A. Mineral Leasing. The Secretary's authority to lease minerals other than oil and gas is found in a number of acts (43 CFR 3500.0-3). Leasing is discretionary with the Secretary who has delegated to the Bureau of Land Management (BLM) authority to administer the laws. Applications for leases are referred to the Service by BLM for recommendations. Procedures to avoid environmental damage and public health hazards from surface exploration and mining of minerals other than oil and gas under BLM permits, leases, or contracts, are described in 43 CFR 23.
(1) Mineral Leasing Act of February 25, 1920 (41 Stat. 437; 30 U.S.C. 181 et seq.) as amended. This Act vests in the Secretary of the Interior discretionary authority to lease minerals such as oil, gas, potassium, sodium, phosphate, sulphur, etc. on public domain lands (43 CFR 3100-3130, 3500-3570).
(2) Mineral Leasing Act for Acquired Lands of August 7, 1947 (61 Stat. 913; 30 U.S.C. 351-359). This Act vests in the Secretary of the Interior the authority for leasing certain minerals such as coal, potassium, sodium, phosphate and sulphur on acquired lands. Occasionally the United States acquires land which had been patented without the mineral estate or specific minerals were reserved to the United States. These minerals retain their previous unappropriated public domain status. If such a mineral interest underlies Service land, it would be subject to Secretarial restrictions pertaining to withdrawn lands (See section 612 FW 1.8B).
(3) Geothermal Steam Act of 1970 (30 U.S.C. 1001-1025). Geothermal leases can not be issued for lands administered by the Secretary in a fish hatchery, wildlife refuge, wildlife range, game range, wildlife management area, waterfowl production area, or for lands acquired or reserved for the protection and conservation of wildlife that are threatened with extinction (30 U.S.C. 1014(c)(3)).
(4) 43 CFR 3100-3500 (Leasing of minerals other than oil and gas). This section of the CFR contains regulations related to the administration of mineral leasing by BLM.
B. Hardrock Mining.
(1) Mining Law of May 10, 1872, 30 U.S.C. 22 et. seq. This law permits prospecting and mining on the unappropriated public domain for the so called hardrock minerals. No royalties are paid to the United States for minerals removed. The miner or mining company must file for and maintain a claim, and in the case of a subsequent withdrawal, be able to demonstrate that the minerals located therein constitute a valuable deposit prior to mining. On Service lands which have been withdrawn from the operation of the mining laws, prospecting, exploration, development, extraction, and removal of hardrock minerals are prohibited except that development, extraction, and removal of such minerals is allowed if done pursuant to a valid existing right established prior to withdrawal from the mining laws.

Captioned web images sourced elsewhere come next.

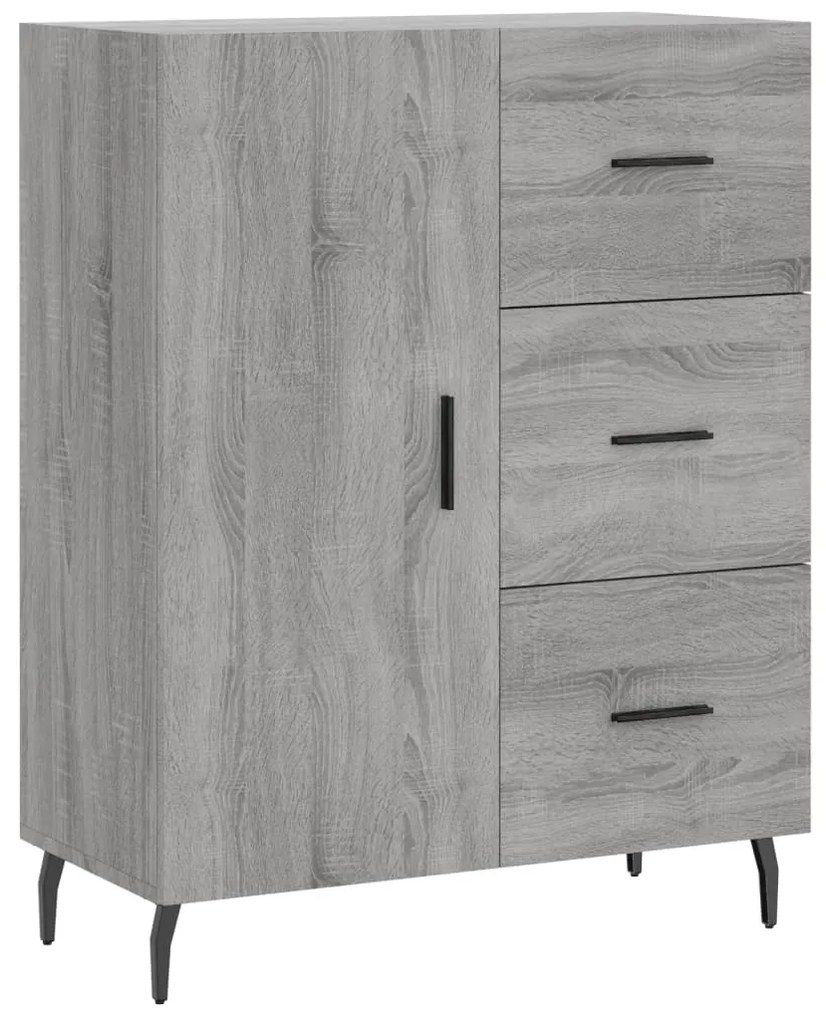 Armário alto 69,5x34x180 cm derivados de madeira sonoma cinza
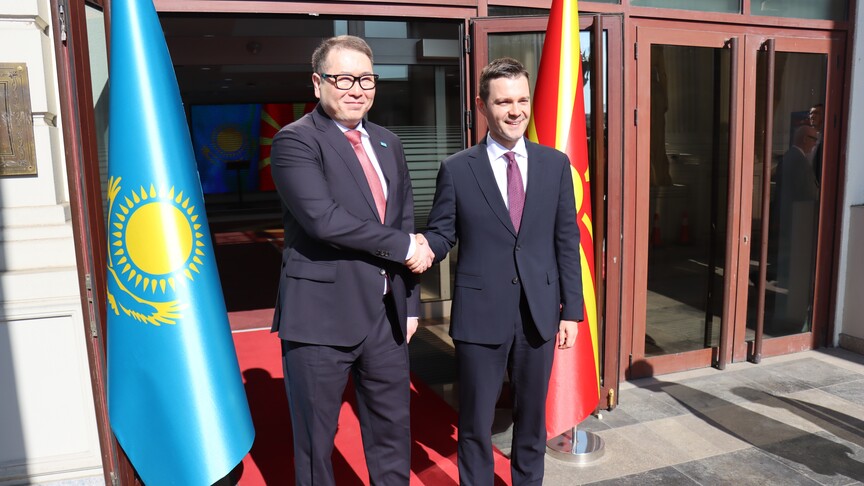 Maqedonia e Veriut dhe Kazakistani të gatshëm për avancimin e marrëdhënieve bilaterale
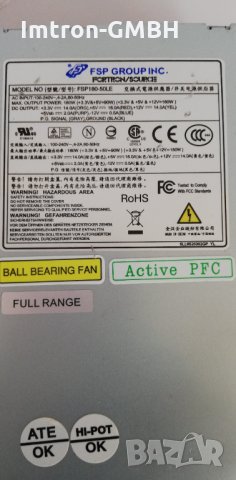 POWER SUPPLY ЗАХРАНВАНЕ FSP Fortron FSP180-50LE Industrial PC PSU 180 W 80 PLUS, снимка 5 - Друга електроника - 35703943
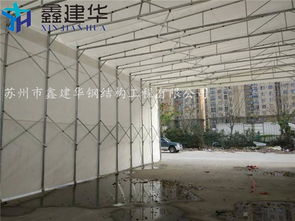 青浦鑫建华 专业定制大型推拉活动篷与帆布雨棚，打造灵活户外遮蔽解决方案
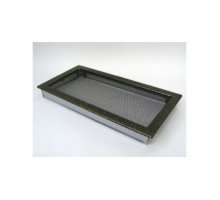 Каминная решетка Kratki 22x45 черная/латунь пористая
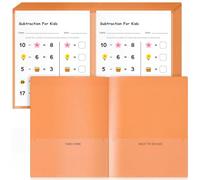 Henoyso 24 Pcs Plastic Folders with Clear Front Pockets Heavy Duty Take Home Back to School Pockets Homework Folders for School Students Parent Teacher Classroom Communication (Orange)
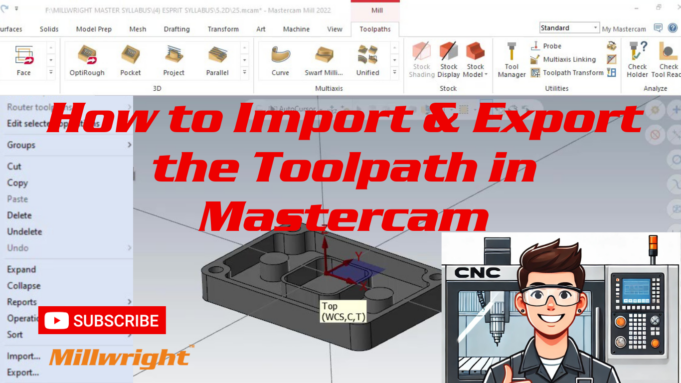 How to Export & Import Toolpaths in Mastercam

(2) Federal Land Policy and Management Act of 1976, Section 314, 43 U.S.C. 1744 (Recordation). This act generally concerns the Bureau of Land Management (BLM), but has important application to Service lands in its recordation provision. This provision requires that all valid hardrock mining claims be recorded with BLM, and that a filing be made annually thereafter by the operator (43 CFR 3833). If the operator does not comply with these requirements, the claim is conclusively deemed abandoned.
(3) 43 CFR 3560 (Hardrock Minerals Leasing) and 3800 (Mining Claims Under the Federal Mining Laws). These sections of the CFR contain the regulations of BLM which implement the above acts concerning hardrock minerals leasing and mining claims and operations on the public lands.
C. Coal Leasing and Mining.
(1) Federal Coal Leasing Amendment Act of 1975 (See note after 30 U.S.C. 201). This Act prohibits the mining of coal on units of the National Wildlife Refuge System subject to valid existing rights.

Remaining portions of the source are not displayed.